The full listing should be written out verbatim, and its images should be dropped.
==== Collected data ====
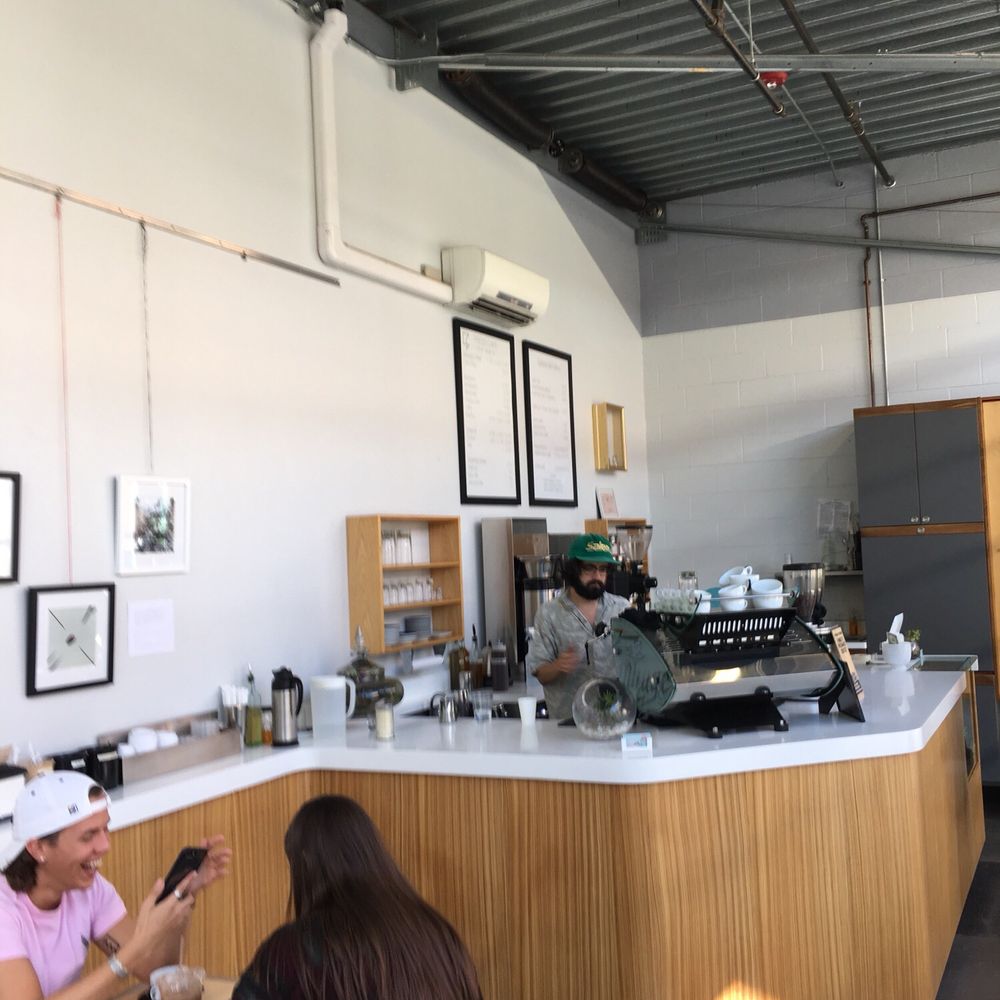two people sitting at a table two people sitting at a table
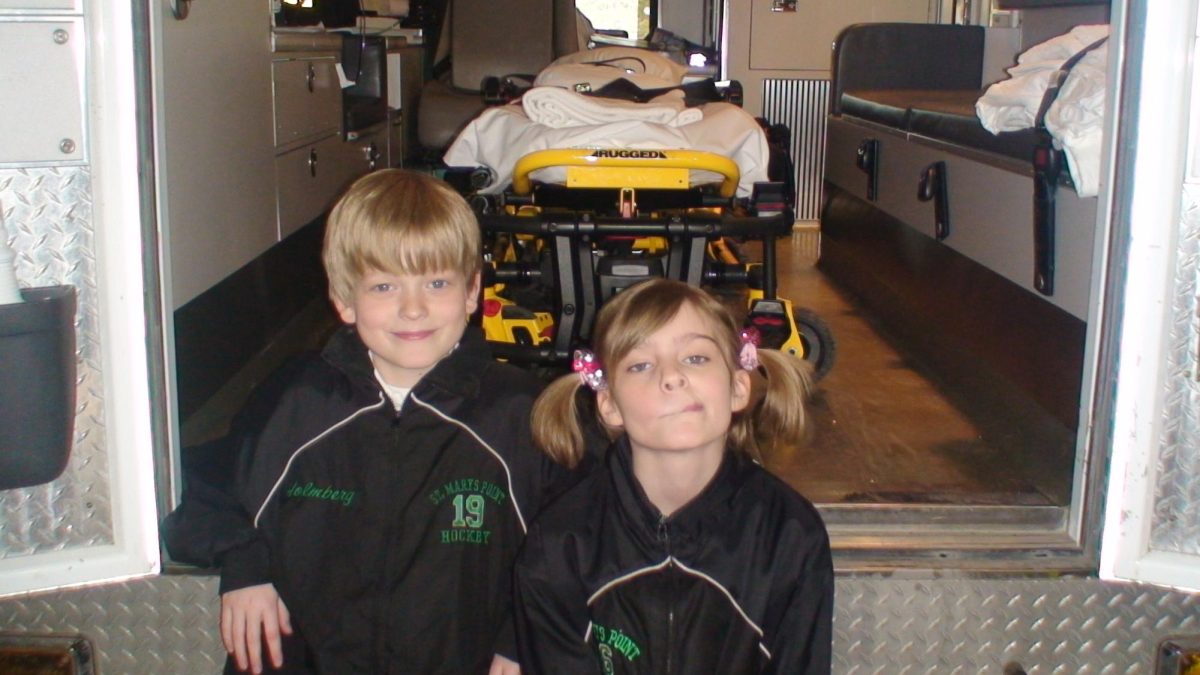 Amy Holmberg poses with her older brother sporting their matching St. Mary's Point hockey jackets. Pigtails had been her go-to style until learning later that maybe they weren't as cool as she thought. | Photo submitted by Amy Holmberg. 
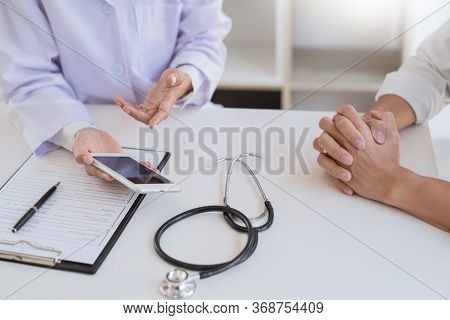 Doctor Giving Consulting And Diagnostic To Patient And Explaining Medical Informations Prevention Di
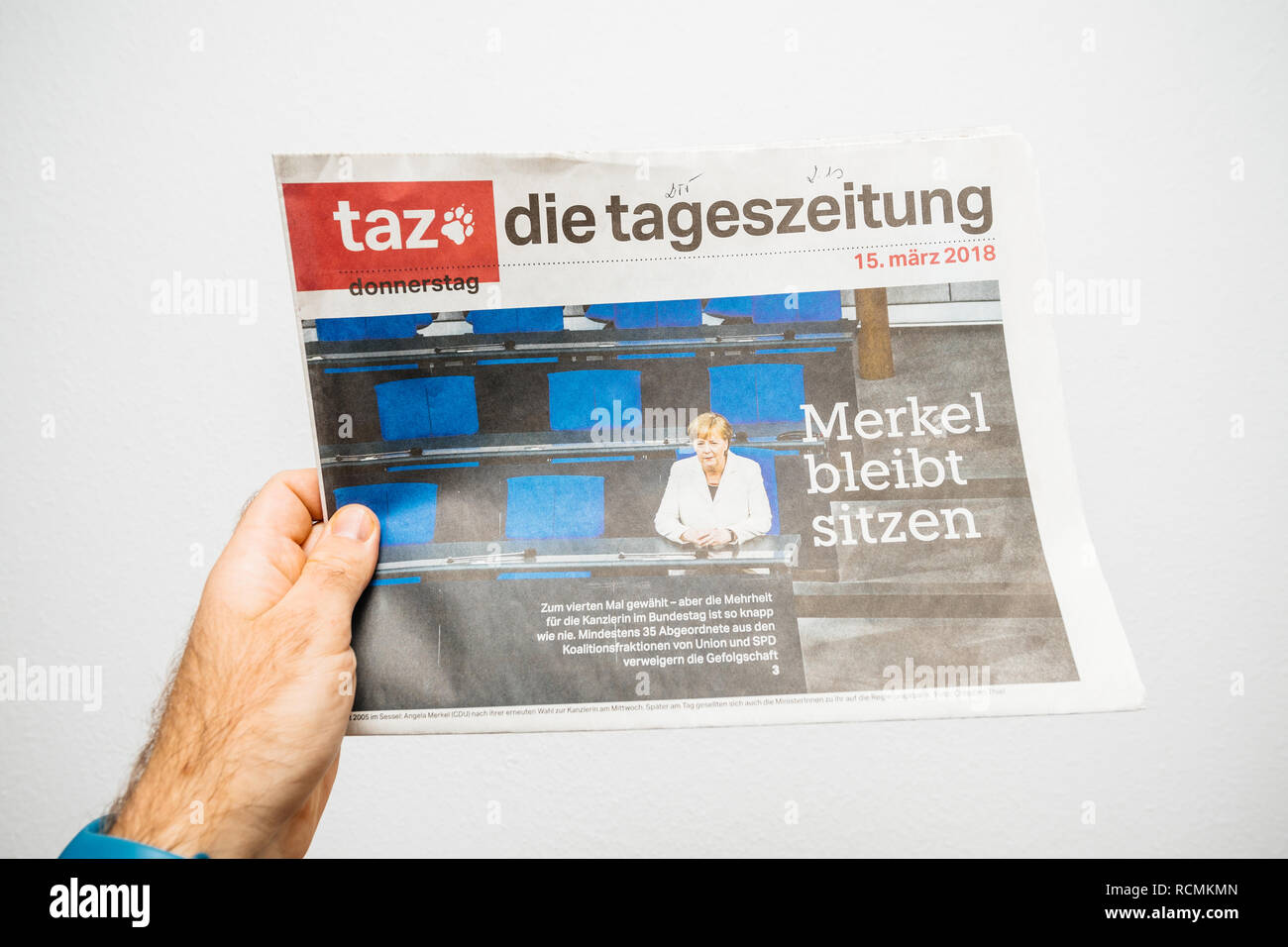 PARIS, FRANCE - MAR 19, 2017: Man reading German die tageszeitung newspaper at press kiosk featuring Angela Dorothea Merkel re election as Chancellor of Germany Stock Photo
====
» **Completed task**:
two people sitting at a table two people sitting at a table
 Amy Holmberg poses with her older brother sporting their matching St. Mary's Point hockey jackets. Pigtails had been her go-to style until learning later that maybe they weren't as cool as she thought. | Photo submitted by Amy Holmberg. 
 Doctor Giving Consulting And Diagnostic To Patient And Explaining Medical Informations Prevention Di
 PARIS, FRANCE - MAR 19, 2017: Man reading German die tageszeitung newspaper at press kiosk featuring Angela Dorothea Merkel re election as Chancellor of Germany Stock Photo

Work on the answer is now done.